Gotoh-Saito Saki, Wada Ryoko, Nishimura Tomoe, Kawaji Hideya
Research Center for Genome & Medical Sciences, Tokyo Metropolitan Institute of Medical Science, Tokyo, Japan.
Center for Basic Technology Research, Tokyo Metropolitan Institute of Medical Science, Tokyo, Japan.
Nat Commun. 2025 Apr 29;16(1):3851. doi: 10.1038/s41467-025-59132-3.
Genomic variation drives phenotypic diversity, including individual differences in drug response. While coding polymorphisms linked to drug efficacy and adverse reactions are well characterized, the contribution of noncoding regulatory elements remains underexplored. Using CAGE (Cap Analysis of Gene Expression), profiling transcription initiations of mRNAs and enhancer RNAs, we identify candidate cis-regulatory elements (CREs) and assessed their activities simultaneously in HepG2 cells expressing the drug-responsive transcription factor pregnane X receptor (PXR). Comparison with GWAS data reveals strong enrichment of the drug-induced CREs near variants associated with bilirubin and vitamin D levels. Among those bound by PXR in primary hepatocytes, we identify enhancers of UGT1A1, TSKU, and CYP24A1 and functional alleles that alter regulatory activities. We also find that TSKU influences expression of vitamin D-metabolizing enzymes. This study expands the landscape of PXR-mediated regulatory elements and uncovers noncoding variants impacting drug response, providing insights into the genomic basis of adverse drug reactions.

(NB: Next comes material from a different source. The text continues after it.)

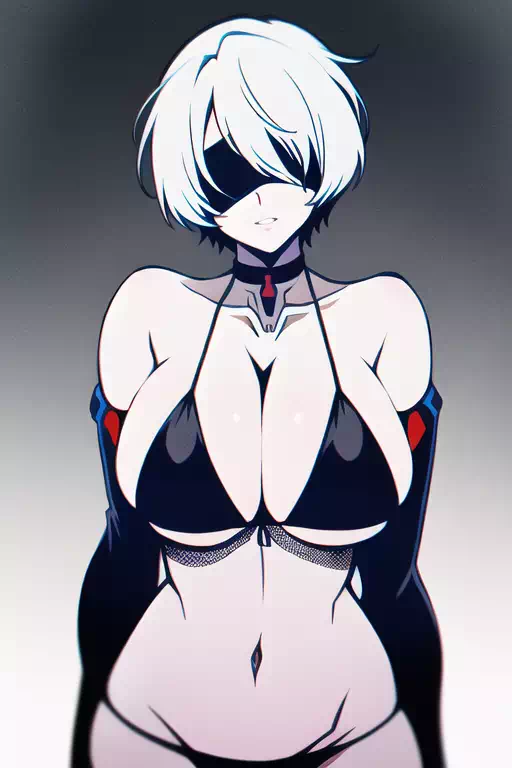 2Bエヴァ風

基因组变异驱动表型多样性,包括药物反应的个体差异。虽然与药物疗效和不良反应相关的编码多态性已得到充分表征,但非编码调控元件的作用仍未得到充分探索。我们使用CAGE(基因表达的帽分析)对mRNA和增强子RNA的转录起始进行分析,在表达药物反应性转录因子孕烷X受体(PXR)的HepG2细胞中鉴定候选顺式调控元件(CRE)并同时评估其活性。与全基因组关联研究(GWAS)数据的比较揭示了药物诱导的CRE在与胆红素和维生素D水平相关的变异附近的强烈富集。在原代肝细胞中被PXR结合的元件中,我们鉴定出UGT1A1、TSKU和CYP24A1的增强子以及改变调控活性的功能等位基因。我们还发现TSKU影响维生素D代谢酶的表达。这项研究扩展了PXR介导的调控元件的范围,揭示了影响药物反应的非编码变异,为药物不良反应的基因组基础提供了见解。